Given data:
++++++++

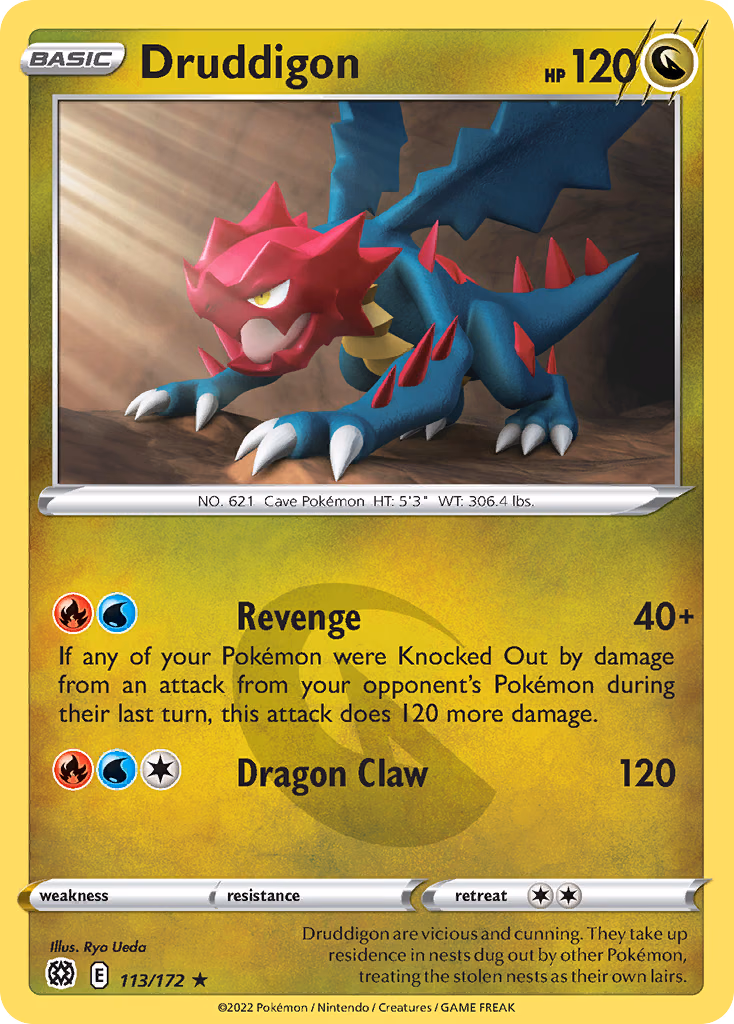 Druddigon Pokemon card (113/172, Brilliant Stars)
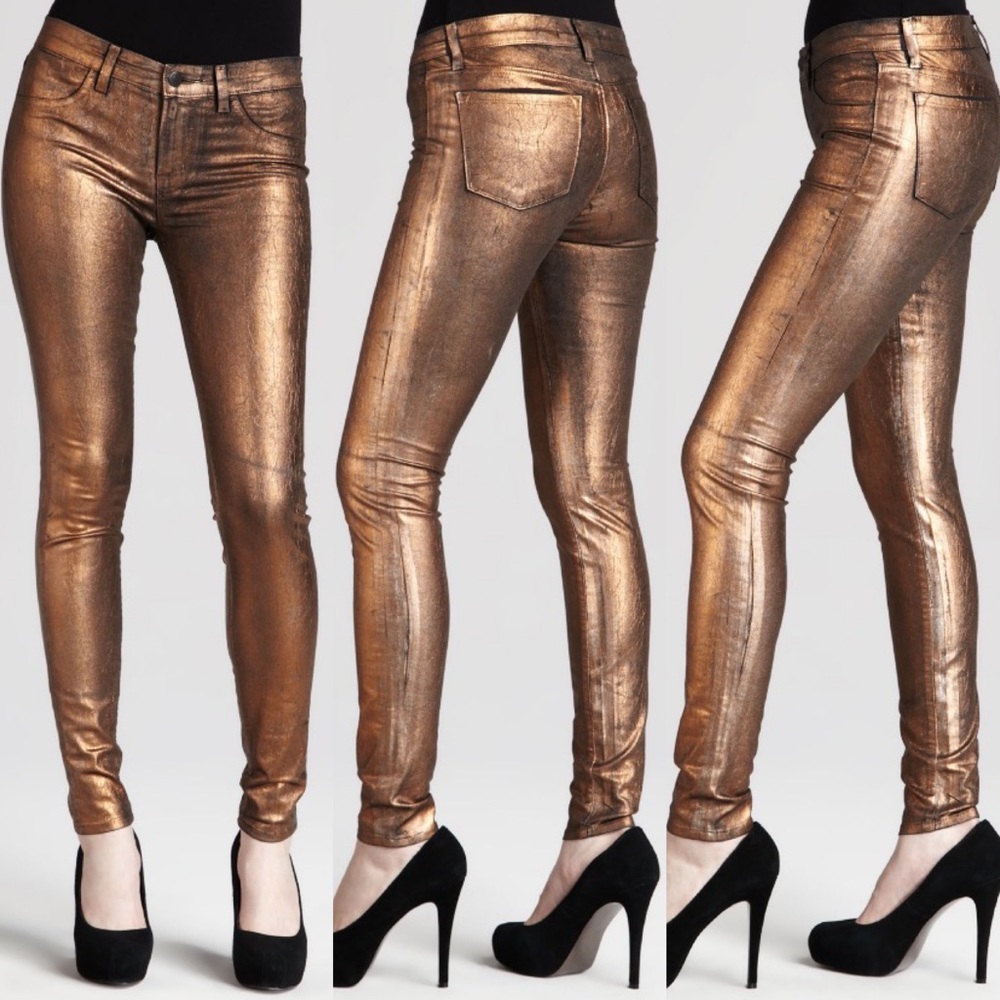 NWT J Brand Metallic Bronze Skinny Jeans size 24 - Picture 2 of 16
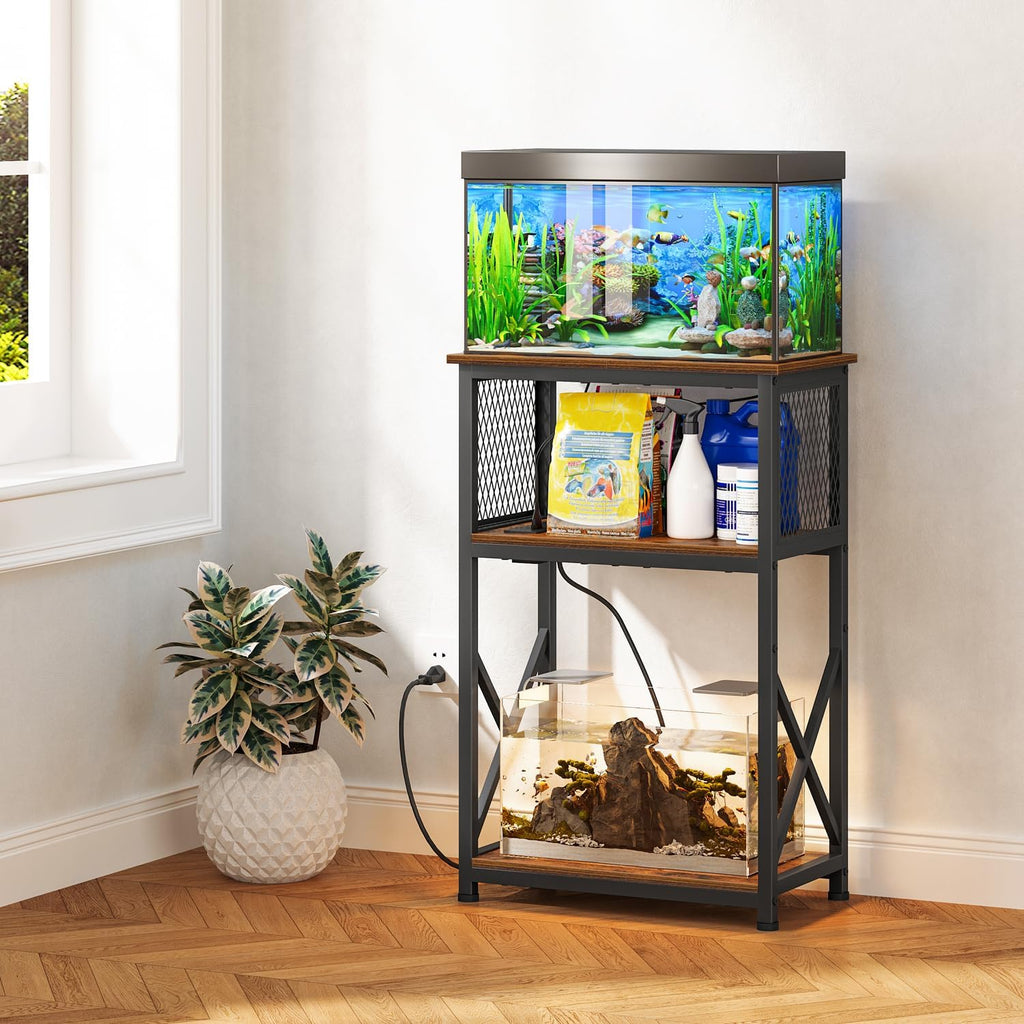10 Gallon Fish Tank Stand with Power Outlets, Aquarium Stand with Storage, 3 Tier Heavy Metal Reptile Tank Stand Fish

++++++++

Work instruction:
Set down all of the material above exactly as written, leaving the pictures out.

Result for this exercise:
 Druddigon Pokemon card (113/172, Brilliant Stars)
 NWT J Brand Metallic Bronze Skinny Jeans size 24 - Picture 2 of 16
10 Gallon Fish Tank Stand with Power Outlets, Aquarium Stand with Storage, 3 Tier Heavy Metal Reptile Tank Stand Fish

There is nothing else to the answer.